:: HOW TO COMPLETE THIS TASK ::
The finished copy must match the records exactly, except that it contains no pictures.

:: Web page caption snippets ::
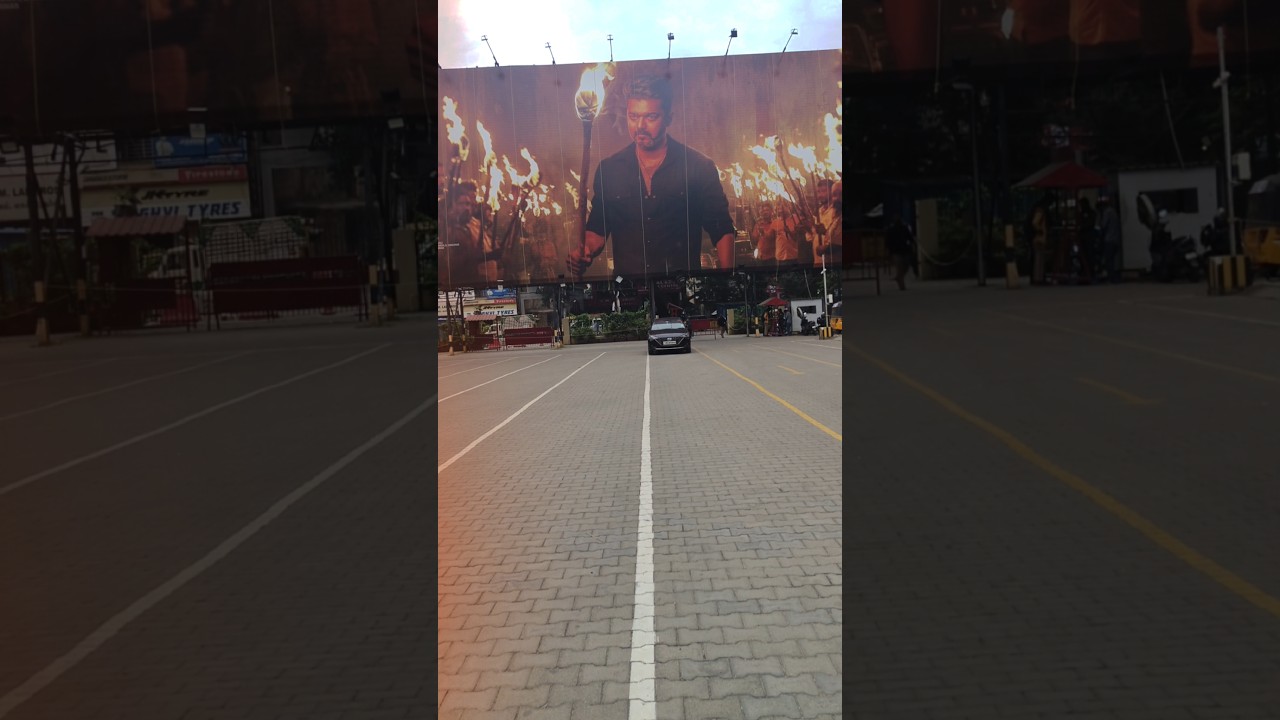 ⚡💥🥵Sathyam Cinemas, 🔥⚡blast#jananayagan #trending#thalapathy #thalapathyvijay#shorts #trending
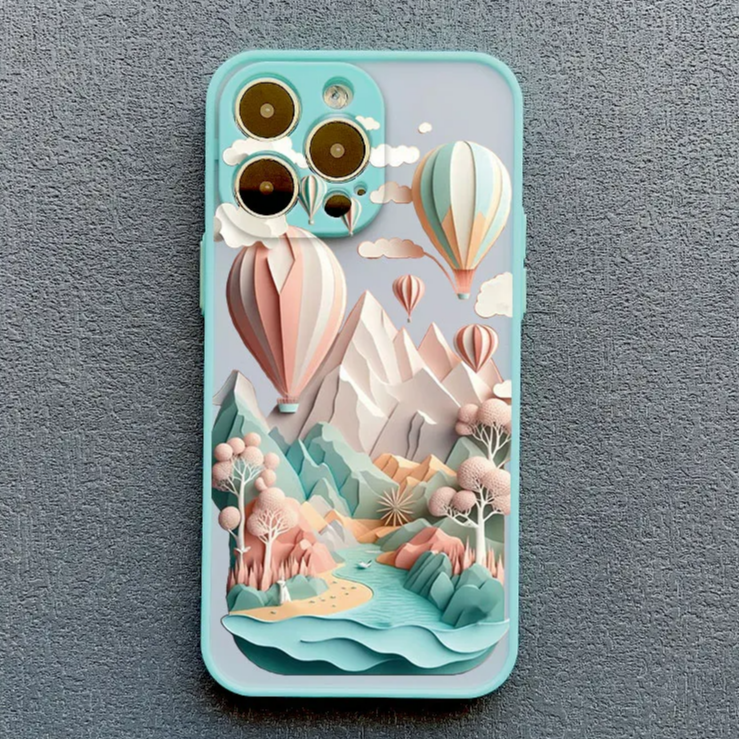 LandFairytale iPhone Case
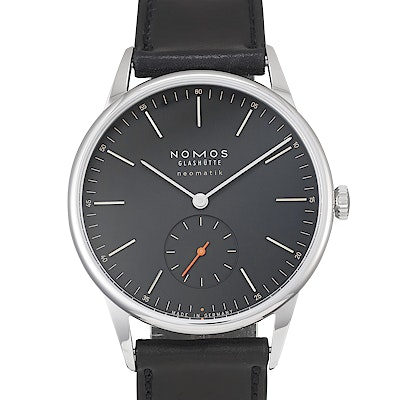 Nomos Orion neomatik 39 nachtblau - 343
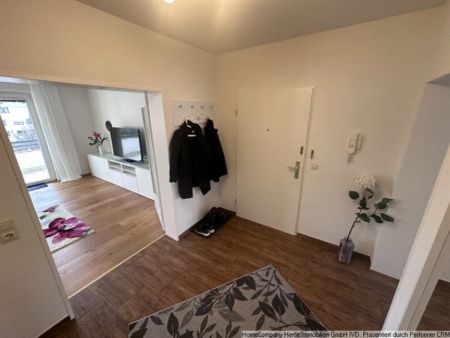 In Vorbereitung: Gemütlich und modern möbliert mit Wohnküche und großem Süd-Balkon für 3-12 Monate in Denzlingen - Photo 5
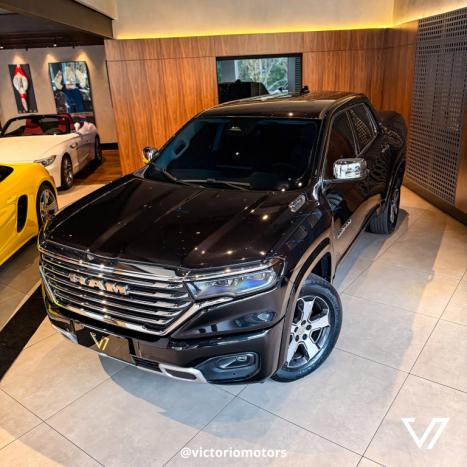 RAM Rampage 2.2 4P LARAMIE TURBO DIESEL 4X4 AUTOM�TICO, Foto 4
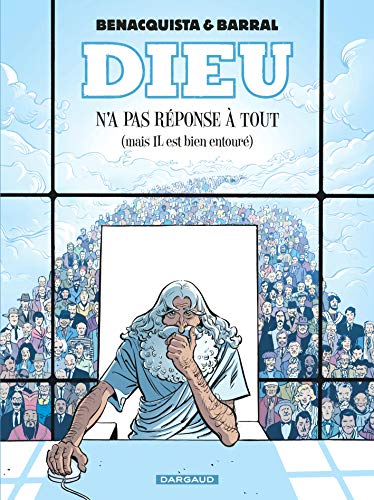 Beispielbild fr Dieu n'a pas rponse  tout - tome 1 - Dieu n'a pas rponse  tout T1 zum Verkauf von Librairie Th  la page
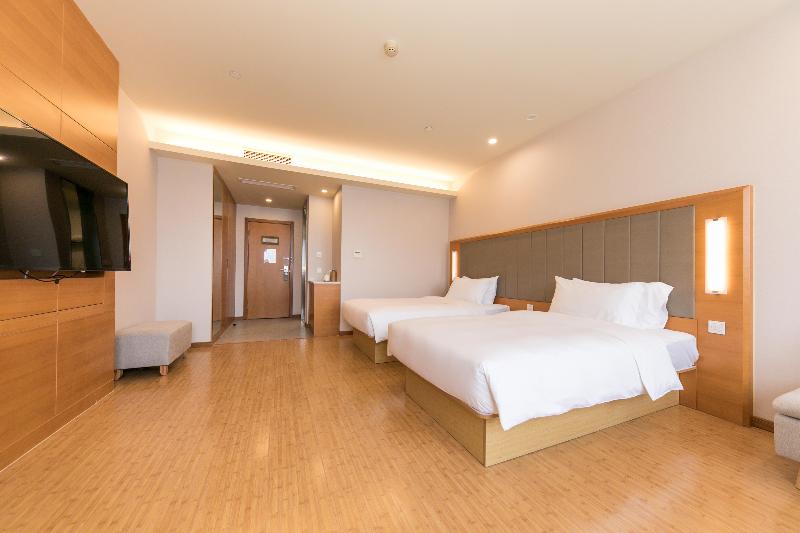 Номер Стандарт, Ji Hotel Hefei 1912 Bar Street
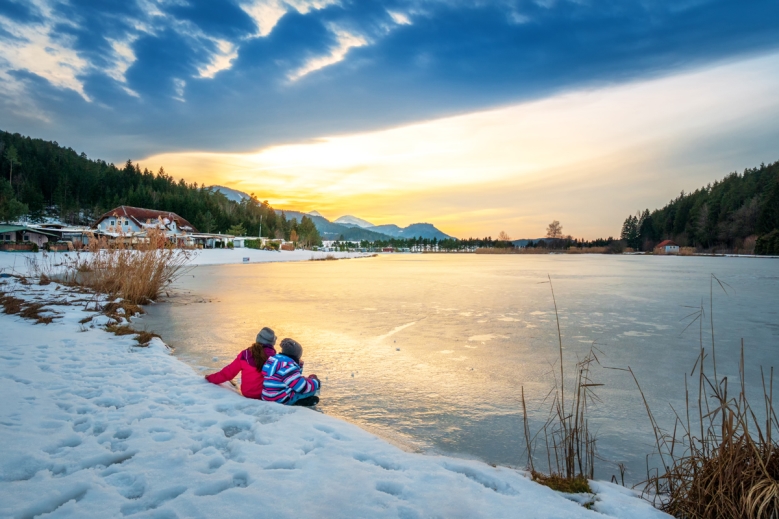 Hotel Lakeside Petzen Glamping Resort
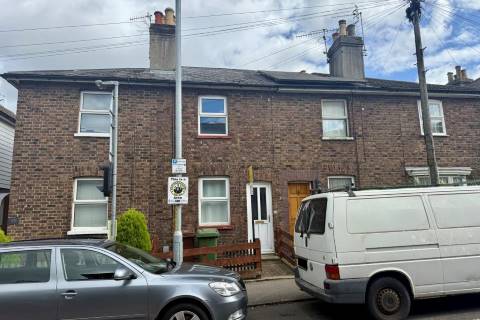 Property for auction in Kent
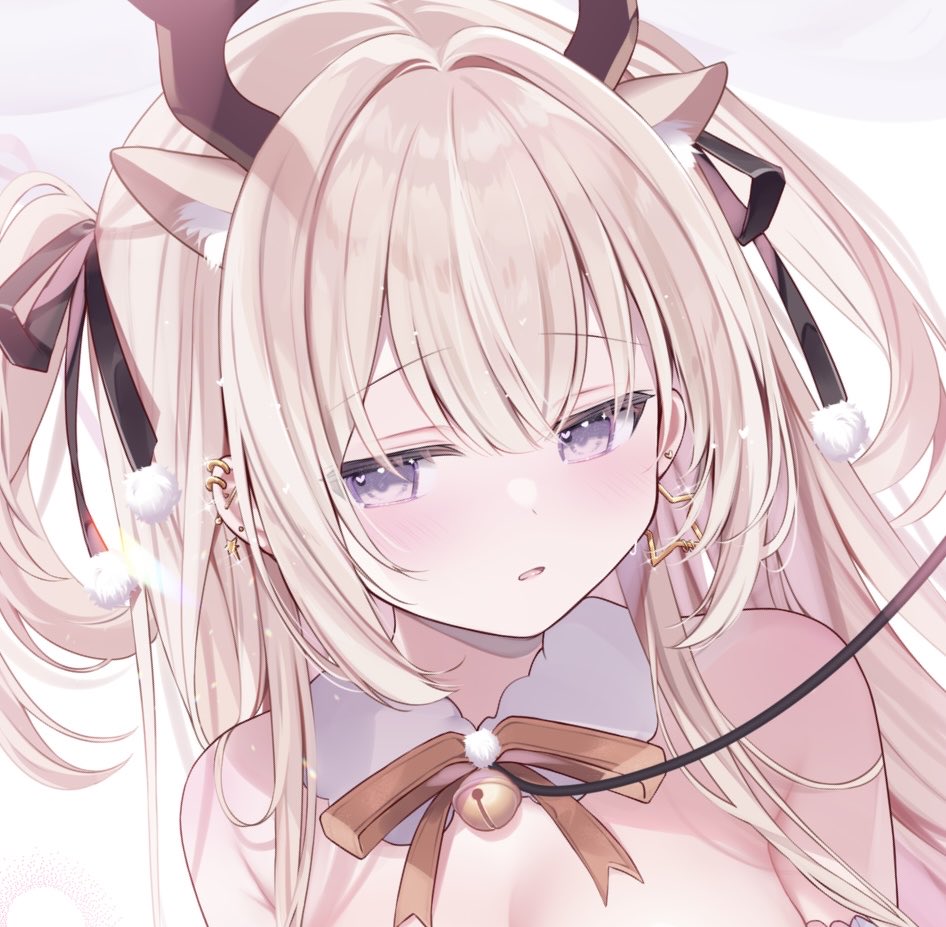 Merry Xmas 🎶 以前描いたトナカイちゃん
全体はツリーに繋げてみます❕ 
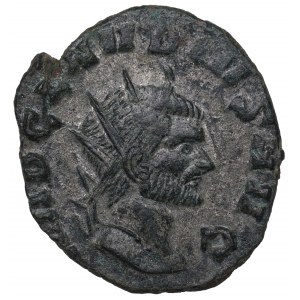 Rímska ríša, Claudius II. z Gothy, antonínsky Rím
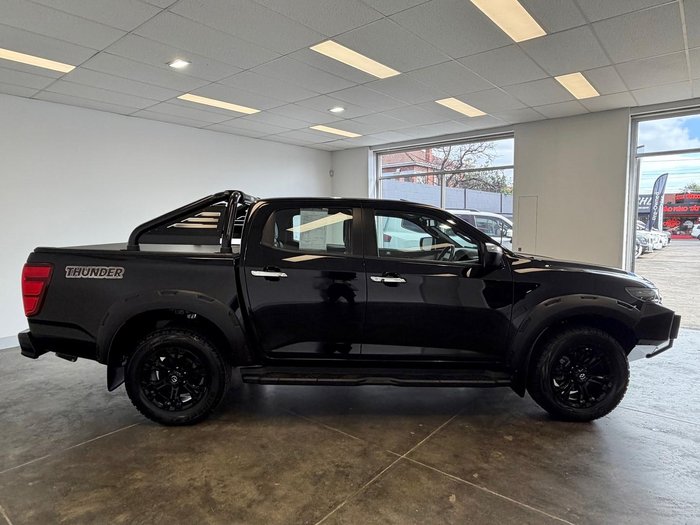 2023 Mazda BT-50 Thunder
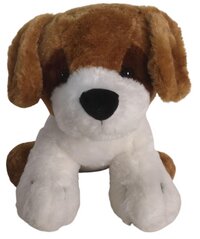 Pluche zittend Hond 36 cm-Artikeldetail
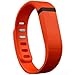 Replacement Wrist Band for Fitbit Flex (Orange Sorbet, Large)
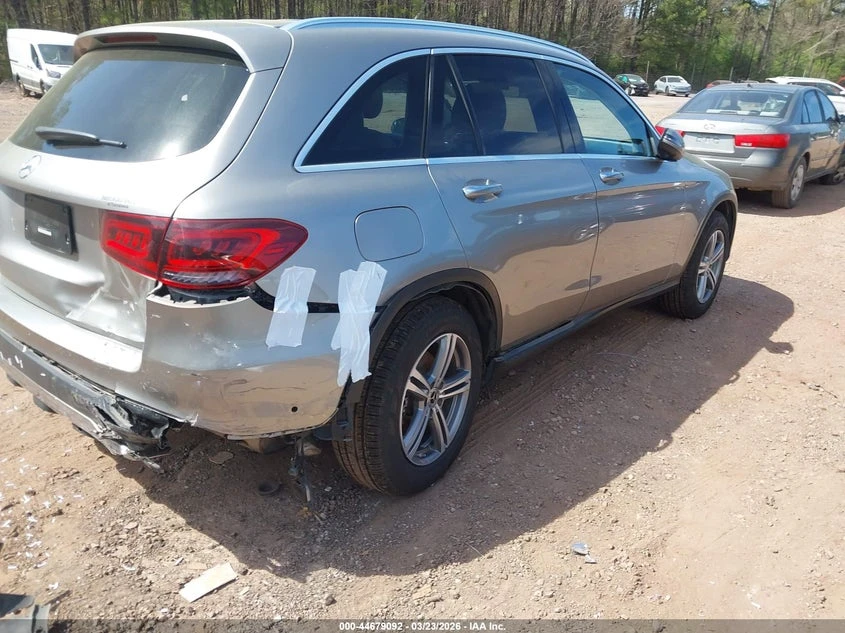 Mercedes-Benz GLC 300 2.0l Suv, снимка 3 - Автомобили и джипове - 54572470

:: RESPONSE AREA ::
 ⚡💥🥵Sathyam Cinemas, 🔥⚡blast#jananayagan #trending#thalapathy #thalapathyvijay#shorts #trending
 LandFairytale iPhone Case
 Nomos Orion neomatik 39 nachtblau - 343
 In Vorbereitung: Gemütlich und modern möbliert mit Wohnküche und großem Süd-Balkon für 3-12 Monate in Denzlingen - Photo 5
 RAM Rampage 2.2 4P LARAMIE TURBO DIESEL 4X4 AUTOM�TICO, Foto 4
 Beispielbild fr Dieu n'a pas rponse  tout - tome 1 - Dieu n'a pas rponse  tout T1 zum Verkauf von Librairie Th  la page
 Номер Стандарт, Ji Hotel Hefei 1912 Bar Street
 Hotel Lakeside Petzen Glamping Resort
 Property for auction in Kent
 Merry Xmas 🎶 以前描いたトナカイちゃん
全体はツリーに繋げてみます❕ 
 Rímska ríša, Claudius II. z Gothy, antonínsky Rím
 2023 Mazda BT-50 Thunder
 Pluche zittend Hond 36 cm-Artikeldetail
 Replacement Wrist Band for Fitbit Flex (Orange Sorbet, Large)
 Mercedes-Benz GLC 300 2.0l Suv, снимка 3 - Автомобили и джипове - 54572470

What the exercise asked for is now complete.